In addition to the molecular subtype, the cancer stage plays a crucial role in determining the optimal treatment strategy for breast cancer. The stage is defined by pathological parameters such as tumor size (T), lymph node involvement (N), and the presence of distant metastasis (M), which are directly associated with prognosis and survival outcomes. However, in clinical practice, physicians must manually review a large volume of pathology reports to determine the cancer staging, which is both time-consuming and labor-intensive. Furthermore, differences in documentation styles and terminologies between hospitals often result in data inconsistency, which can reduce the reliability of stage determination. To address these challenges, there is an increasing need for an artificial intelligence (AI)-based system capable of automatically analyzing pathology reports and consistently extracting cancer staging information [8,9,10,11].

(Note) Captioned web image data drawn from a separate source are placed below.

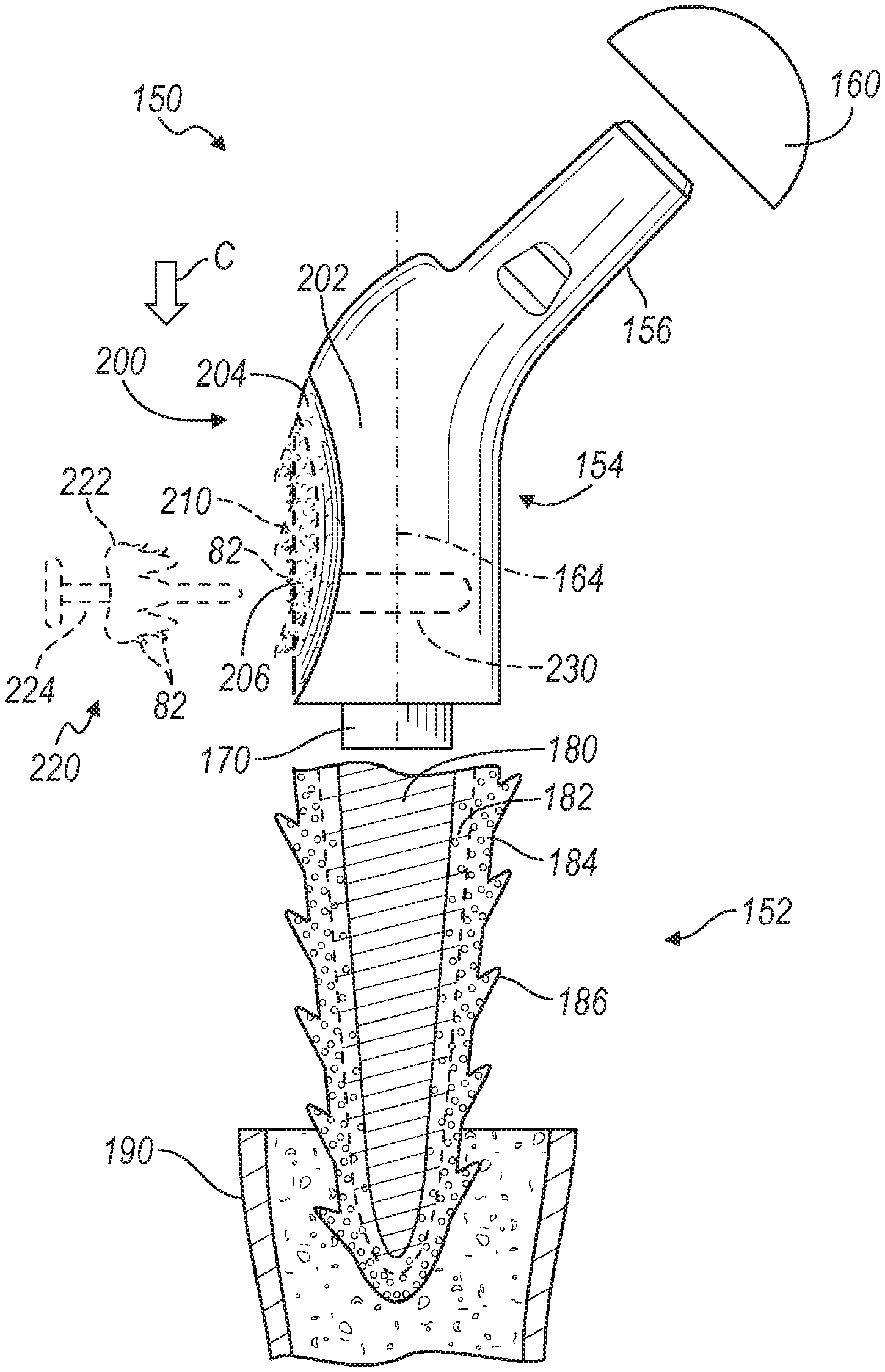 Directional porous coating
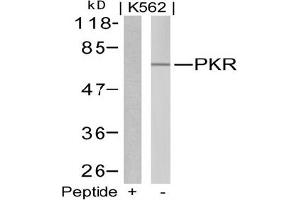 Image no. 1 for anti-Eukaryotic Translation Initiation Factor 2-alpha Kinase 2 (EIF2AK2) (Thr446) antibody (ABIN197544) (EIF2AK2 Antikörper  (Thr446))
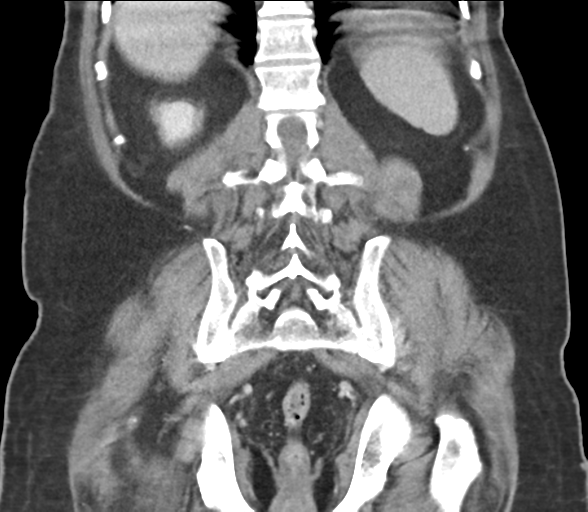 Bladder papillary urothelial carcinoma (Radiopaedia 48119-52951 C 50).png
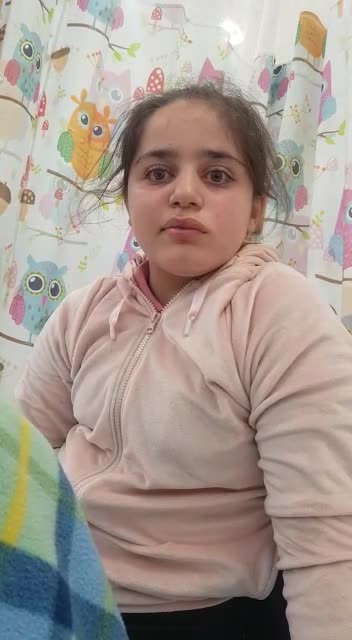 ילדה עם שיתוק בפנים בעקבות חיסון הקורונה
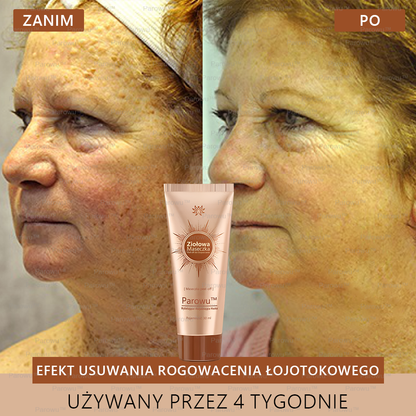 Parowu™ Wybielająca i Rozjaśniająca Maska - Naturalne składniki trwale usuwają plamy, piegi i przebarwienia✅✅✅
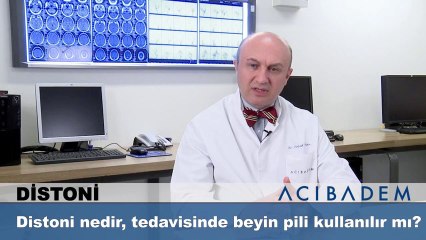 Distoni nedir tedavisinde beyin pili kullanılır mı?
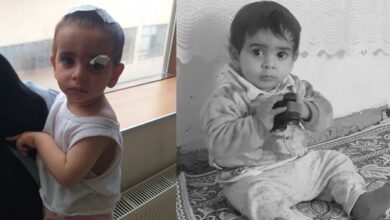 Köpeklerin saldırdığı 2 yaşındaki Ali'den acı haber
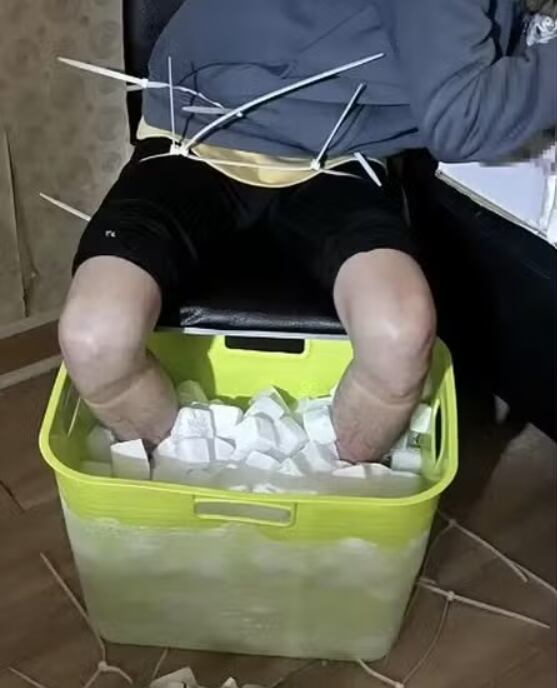 Hombre se provocó la amputación de sus piernas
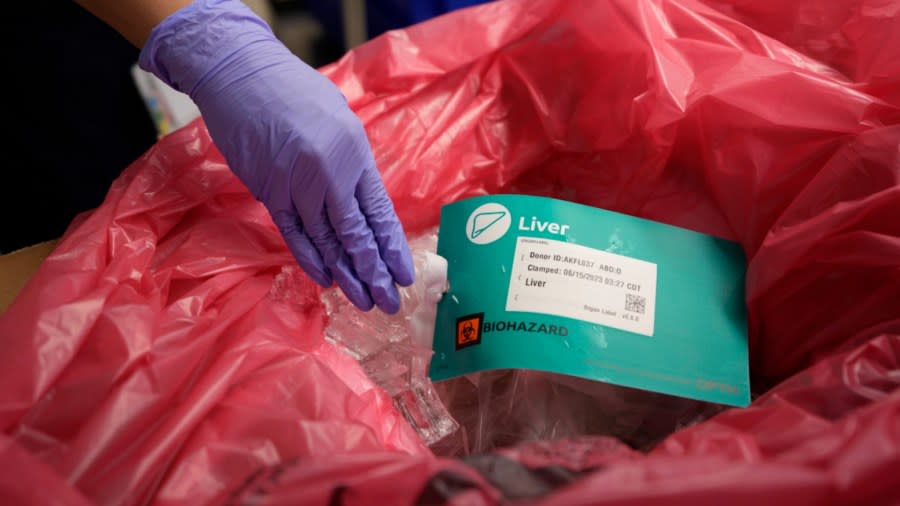 A liver is prepared for transport after it has been removed from an organ donor on June 15, 2023, in Jackson, Tenn. Cancer was later found in the donor’s lungs so the liver couldn’t be used for transplant. (AP Photo/Mark Humphrey)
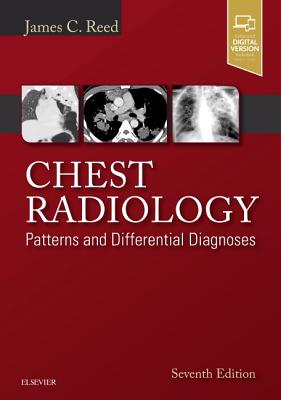 Chest Radiology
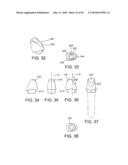 DENTAL IMPLANT diagram and image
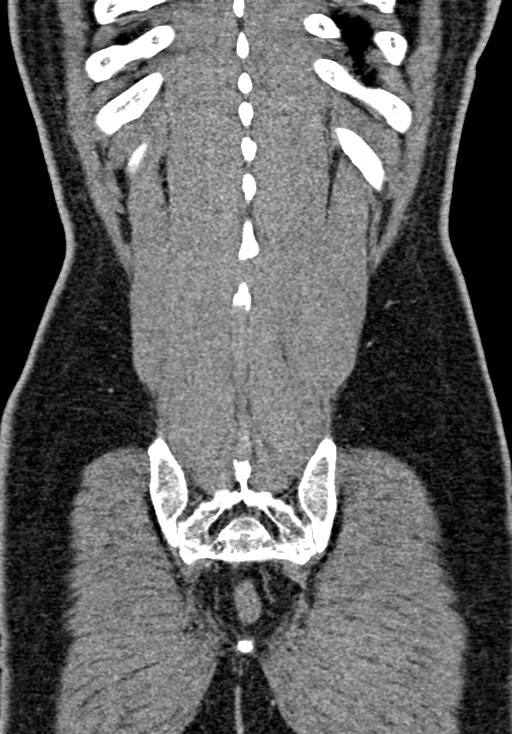 Adhesional small bowel obstruction (Radiopaedia 58900-66131 Coronal C+ portal venous phase 214).jpg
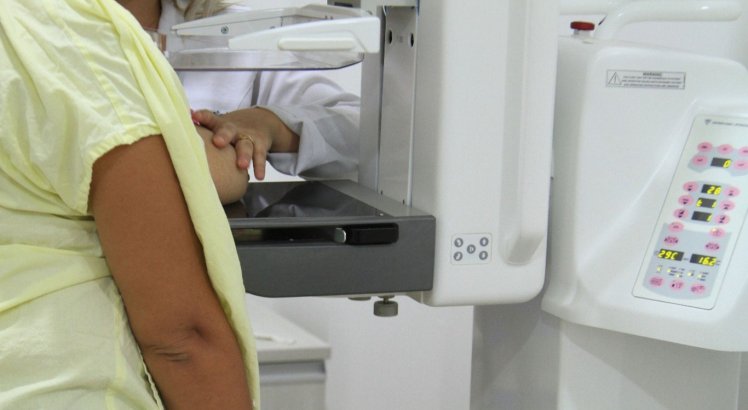 Femama alerta que mulheres esperem um período para realizar mamografia após vacina contra covid-19; saiba mais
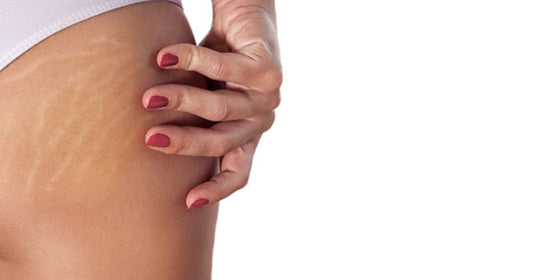 Why Do You Have Stretch Marks On Your Butt?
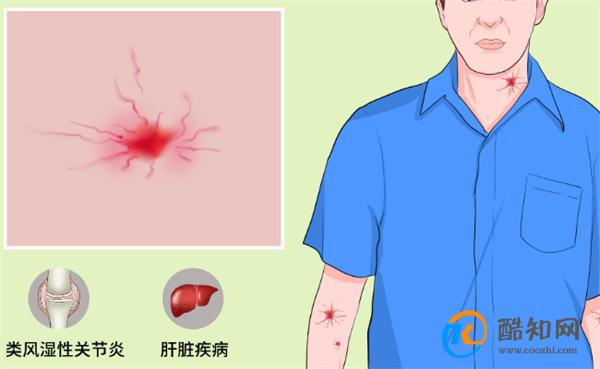 什么是蜘蛛痣 蜘蛛痣会自己消失吗
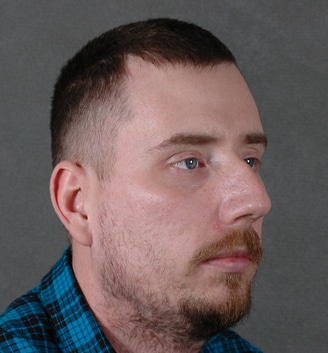 rhinoplasty - patient 5756 - before 3 rhinoplasty - patient 5756 - before 3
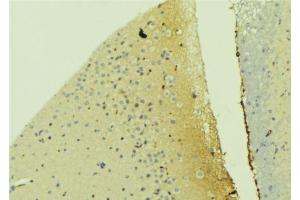 ABIN6273300 at 1/100 staining Mouse brain tissue by IHC-P. (Podoplanin 抗体  (N-Term))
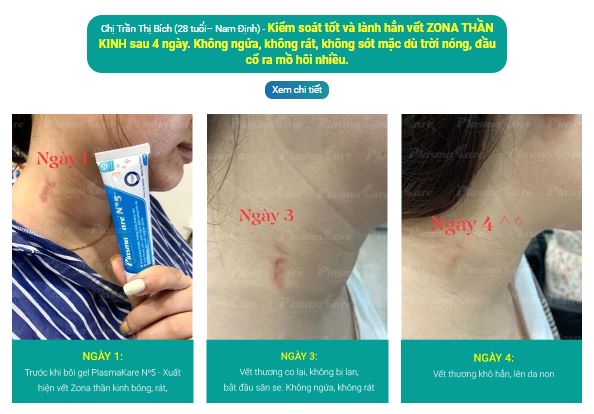 Gel bôi Nano Bạc PlasmaKare No5 kháng khuẩn, kháng nấm, virus...chống viêm, giảm ngứa, tái tạo da, chuyên sâu cho bệnh về da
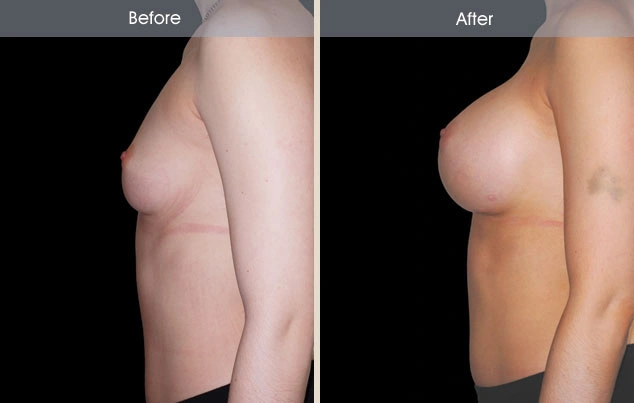 Real patient results in New York, NY Performed by Darrick E. Antell MD, FACS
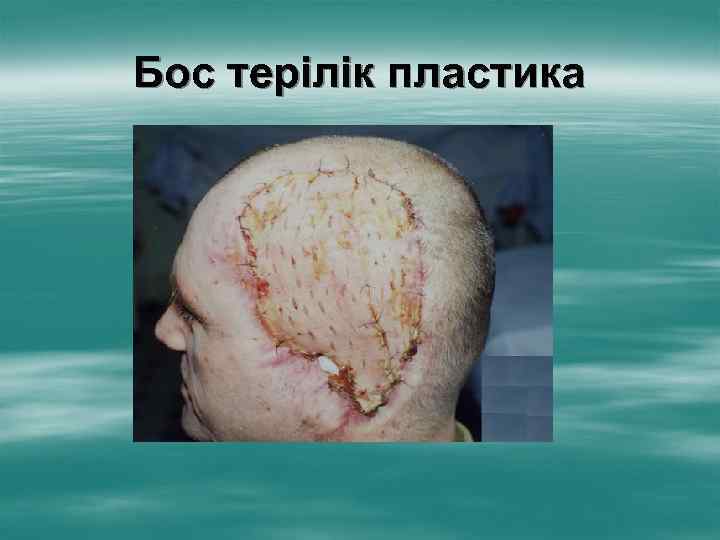 Бос терілік пластика 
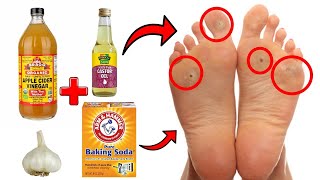 14 Proven Home Remedies For Corns & Callus Removal THAT WORK! screenshot 3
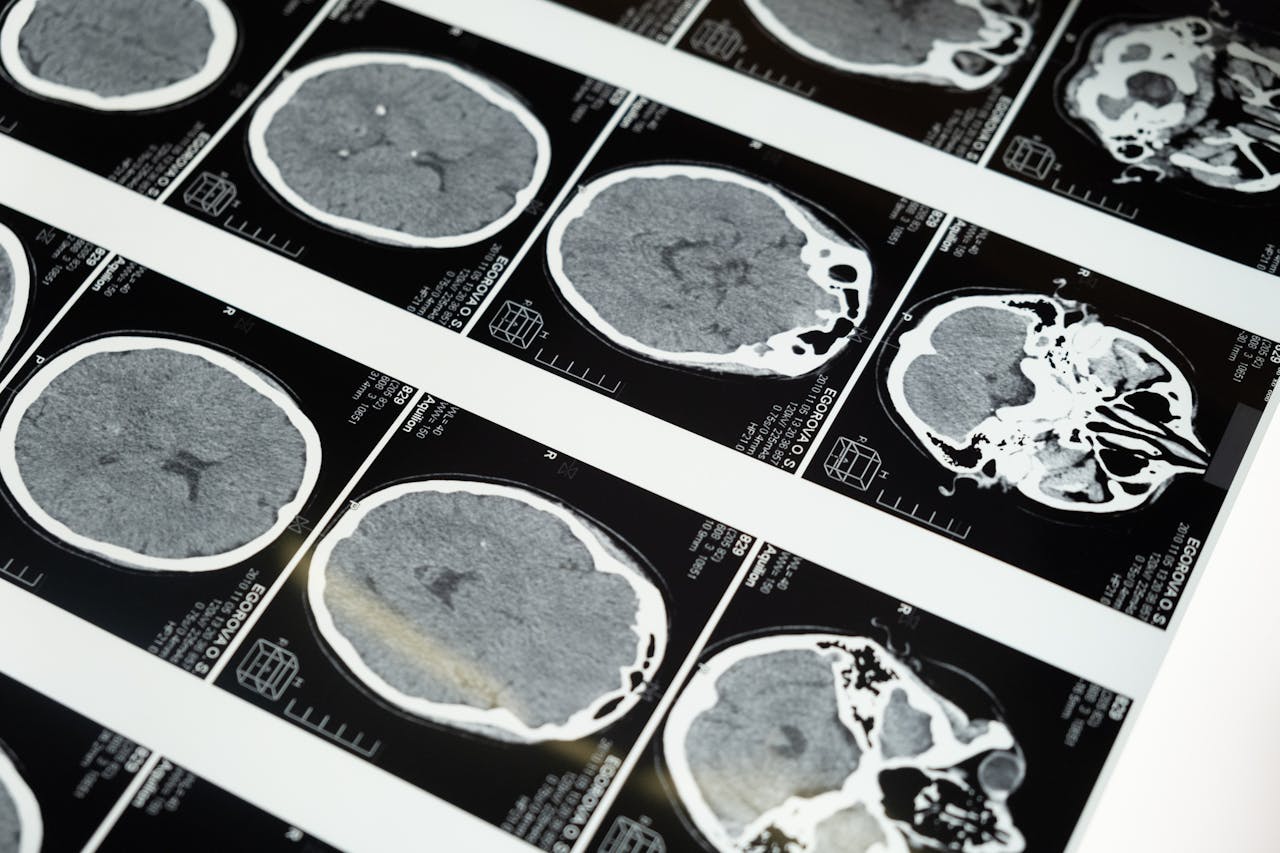 Study Reveals Brain Scans Aren't Always Accurate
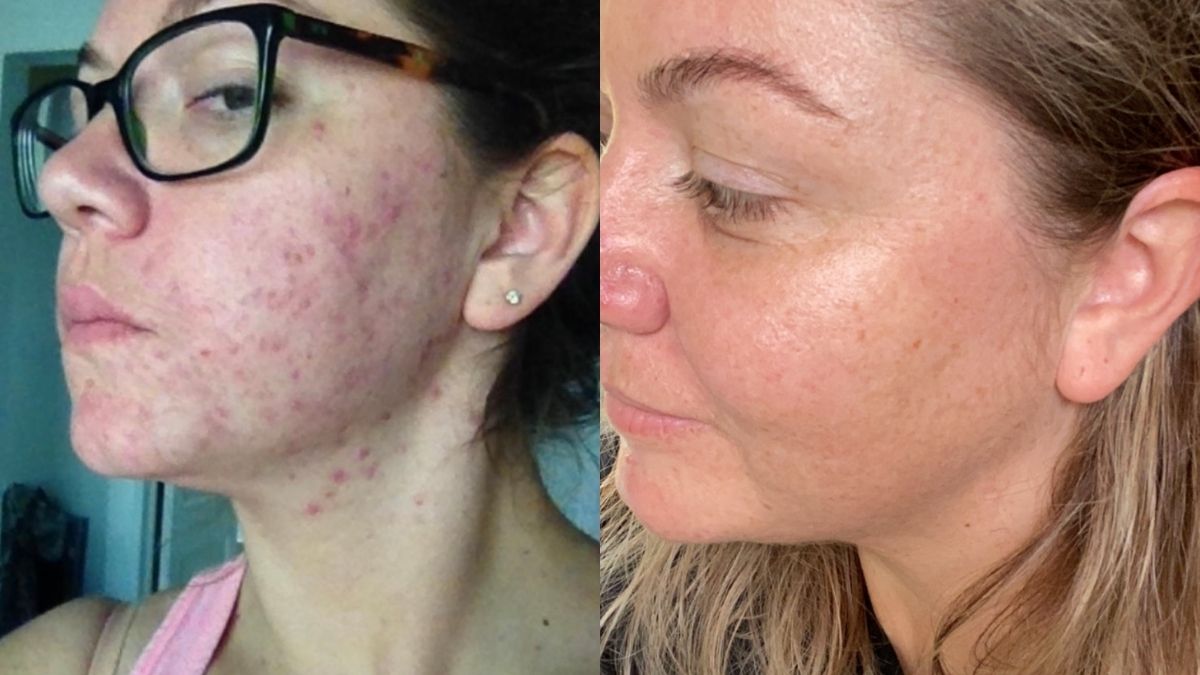 One of Our Own: Amber's Before & After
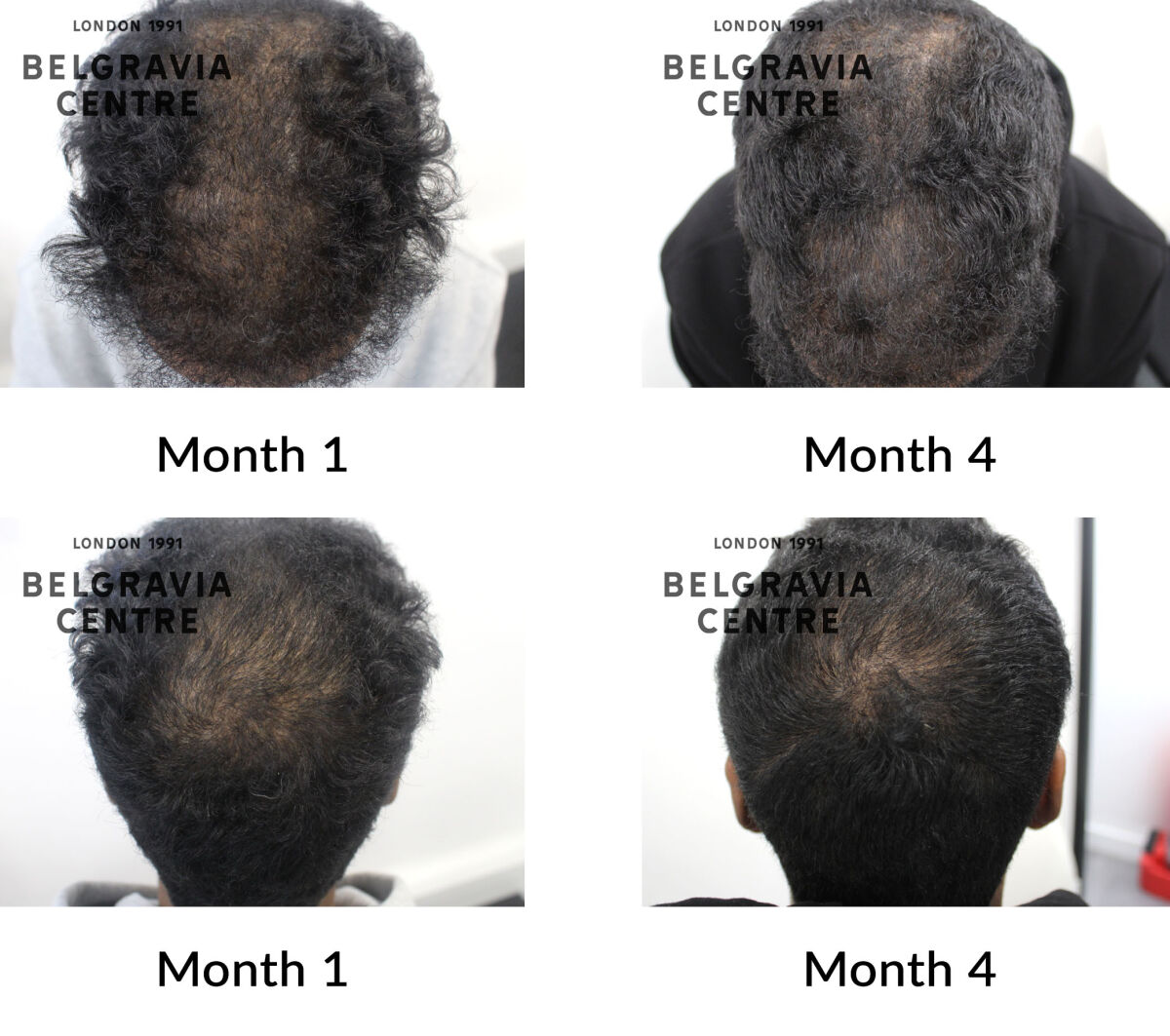 male pattern hair loss the belgravia centre 368133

Recent advances in large language models (LLMs), a Transformer-based architecture trained on large-scale text data, have shown remarkable performance in natural language understanding and generation across various domains, including biomedical text mining and clinical data processing [12,13]. LLMs, such as GPT (Generative Pre-trained Transformer) [14], BERT (Bidirectional Encoder Representations from Transformers) [15], RoBERTa (Robustly Optimized BERT Approach) [16], and LLaMA (Large Language Model Meta AI) [17], have been successfully applied to unstructured medical texts to facilitate efficient information extraction and clinical decision support [18,19]. These models leverage self-attention mechanisms to capture long-range dependencies in complex narratives, which is particularly valuable when interpreting free-text pathology.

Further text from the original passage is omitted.